The reply should hold nothing except the lines from the one with "Simple and user" through the end of the entries, duplicated exactly and with no pictures.

[Data to use — start]

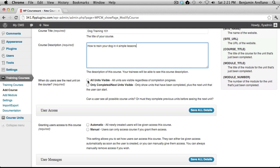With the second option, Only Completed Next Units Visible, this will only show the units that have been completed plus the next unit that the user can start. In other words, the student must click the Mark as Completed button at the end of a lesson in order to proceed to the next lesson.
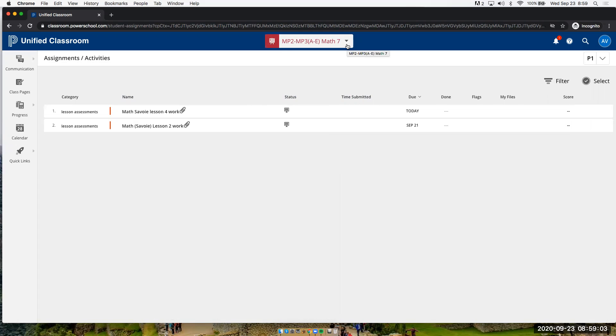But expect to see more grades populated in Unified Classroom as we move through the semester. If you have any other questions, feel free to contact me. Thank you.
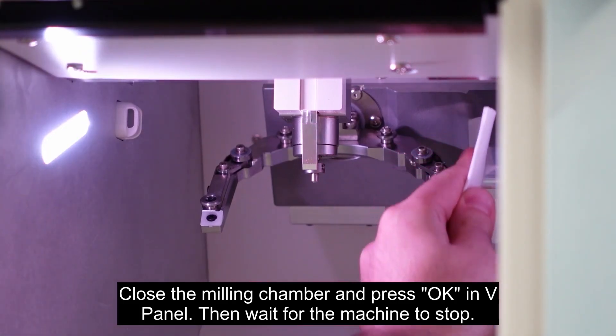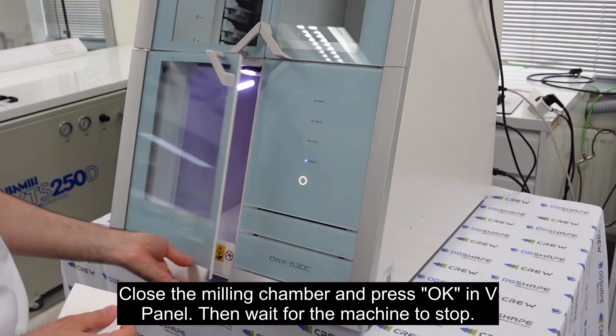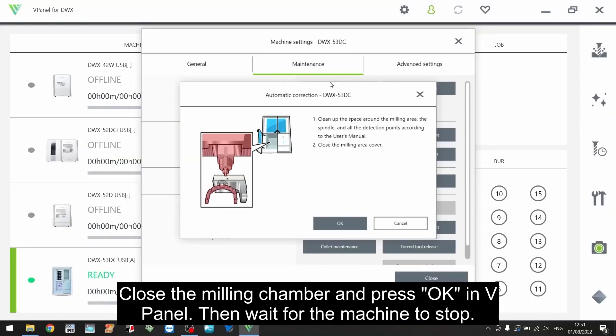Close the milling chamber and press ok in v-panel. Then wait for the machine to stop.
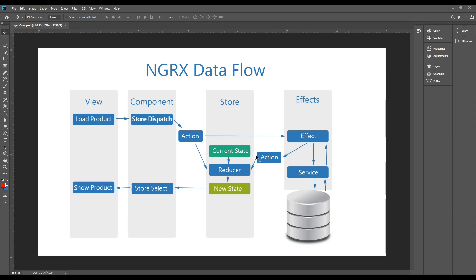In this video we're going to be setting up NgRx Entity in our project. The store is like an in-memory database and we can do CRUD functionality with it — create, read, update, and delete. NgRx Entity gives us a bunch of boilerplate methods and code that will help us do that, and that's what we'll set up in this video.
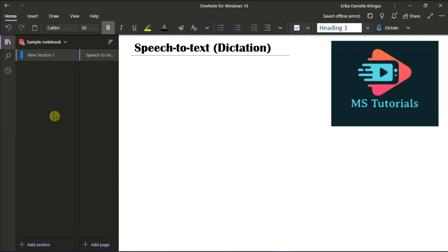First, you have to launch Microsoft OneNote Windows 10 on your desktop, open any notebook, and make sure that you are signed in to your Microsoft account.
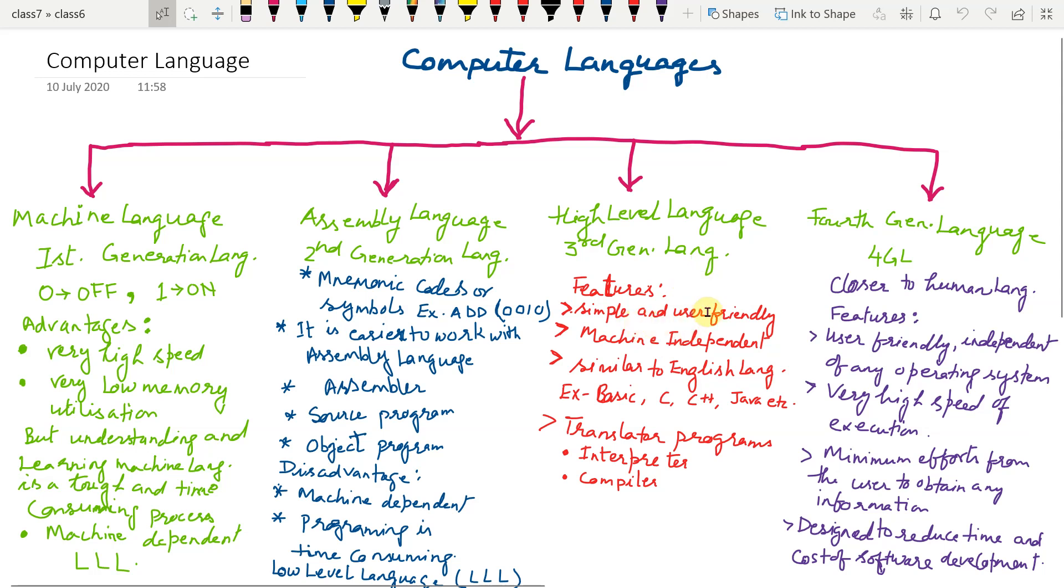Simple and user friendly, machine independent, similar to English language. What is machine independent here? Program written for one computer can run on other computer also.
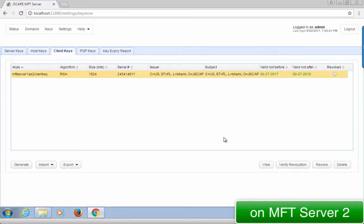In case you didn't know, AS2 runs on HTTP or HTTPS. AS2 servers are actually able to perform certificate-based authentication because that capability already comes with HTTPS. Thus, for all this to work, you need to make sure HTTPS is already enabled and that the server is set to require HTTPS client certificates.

[Data to use — finish]

• [Reply to the task]:
Simple and user friendly, machine independent, similar to English language. What is machine independent here? Program written for one computer can run on other computer also.
In case you didn't know, AS2 runs on HTTP or HTTPS. AS2 servers are actually able to perform certificate-based authentication because that capability already comes with HTTPS. Thus, for all this to work, you need to make sure HTTPS is already enabled and that the server is set to require HTTPS client certificates.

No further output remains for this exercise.